I proudly call myself a luddite, laughingly label myself a techno-wiener but really I’m embarrassed by my lack of technical savvy. It’s grounded in a set of fears that run long and deep, a complete lack of interest, and a sense of anxiety and exhaustion that comes over me whenever I am pointed to a set of technical instructions.
My preferred option “Can you do it for me?” is only reluctantly followed by “Can you show me?” Reading the manual and learning it myself is a distant third. My first response to technical challenge is to take my hands off the wheel and my foot off the pedal - while driving. I have a vague recollection of doing just that at 16 years old, on Highway 401 in a driver’s ed car. Luckily the teacher had his own set of pedals.
The other day my friend-of-a-friend Jay read my newborn blog, commented that he really like it (thanks Jay!!) and asked why I was using drupal, when wordpress.com or wordpress.org were far superior programs. That very morning my friend Alanna Cavanagh, a wonderful artist and illustrator who has a great blog (http://alannacavanagh.blogspot.com/) was telling me that she uses a simple program called blogger.
“It’s not a web site like yours is," she said "but it’s really easy to use.”
I have a website? I thought I had a blog. And the next morning on f/b someone named Leigh that I don’t (yet) know threw in her two cents worth “Tumblr is easy breezy”. A quick google search told me Tumblr offers something called bookmarklets. How cute is that?
I started to panic. What do I do now? Tumblr, wordpress, blogger, drupal? I feel paralyzed by things I’m not convinced I need to care about. Choice, while conceptually ideal, can be practically befuddling. I felt overwhelmed by the myriad options on the menu at Fresh restaurant the other day. (I got over it.) I believe that the ratio of befuddlment:choice correlates directly to familiarity. I know what tempeh is (sort of), as for wordpress…
Being in control of my technical environment has never been a priority. I approach it on a need to know basis and define “need” in narrow terms. I’m like that with a lot of information. Disinclined to dig down, happy to skim along the surface. I left grad school when I realized there was a serious incongruity between my relationship to detail and that of the academy.
It took me 7 years of fantasizing (vaguely) about skype before Bryan said to me “just click here”. Really it was that simple. All the tools for free long distance at my disposal and I'd been going merrily along, year after year, paying one of my Oh so favourite companies, Bell, for the privilege.
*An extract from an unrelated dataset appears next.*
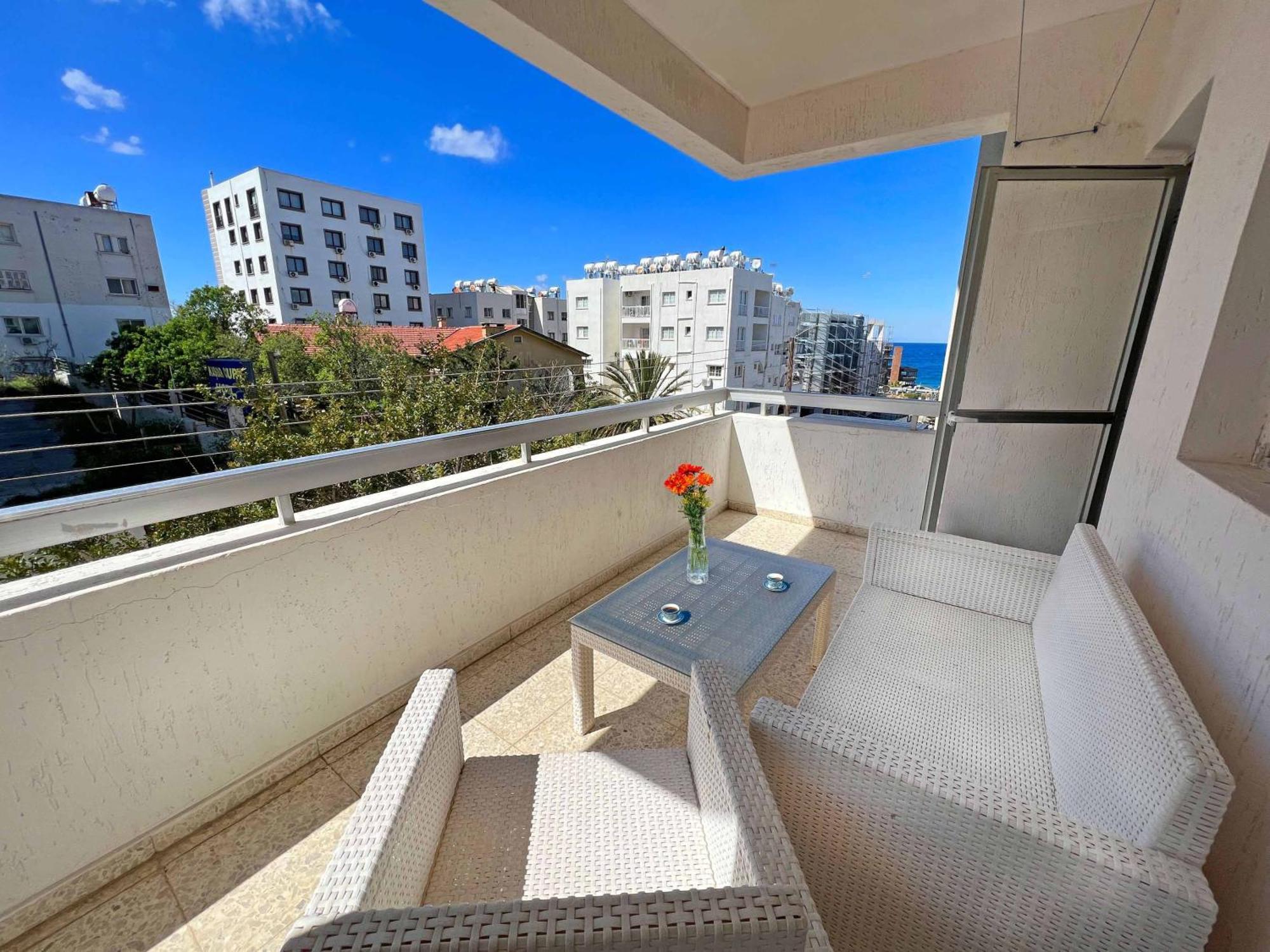 Central 2 Bed Sea View Apartment In Kyrenia Kyrenia  Ngoại thất bức ảnh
The other night I was out with my friend Jeremy, a mathematician at the University of Toronto. A colleague of his walked into the restaurant. "That's John Mighton," he said."He's blowing the lid off the way math is taught." Mighton has written a book called The Myth of Ability that outlines his program Jump Math, a new way to teach math to kids that looks to be eliminating the bell curve, calling into question that "oh she/he's just good at math" assumption. (http://opinionator.blogs.nytimes.com/2011/04/18/a-better-way-to-teach-math/)
Simply put the approach breaks problems into minute steps. Currently math teaching assumes leaps many of us don’t make on our own. I hated math in high school. It scared me and that fear of math and technology in general left me without inclination to demystify it for myself. Some people dive in to conquer the unknown. Well I dive too – head right into the sand.
And here I am now a blogger. Might this coupling of technology and writing be the 12-step program I need to get over the fear? Might I soon know exactly what it is I don’t need to know? So, hand held tightly (don't let go Bryan), bright yellow life jacket strapped on, nose plugged, I'm taking the leap.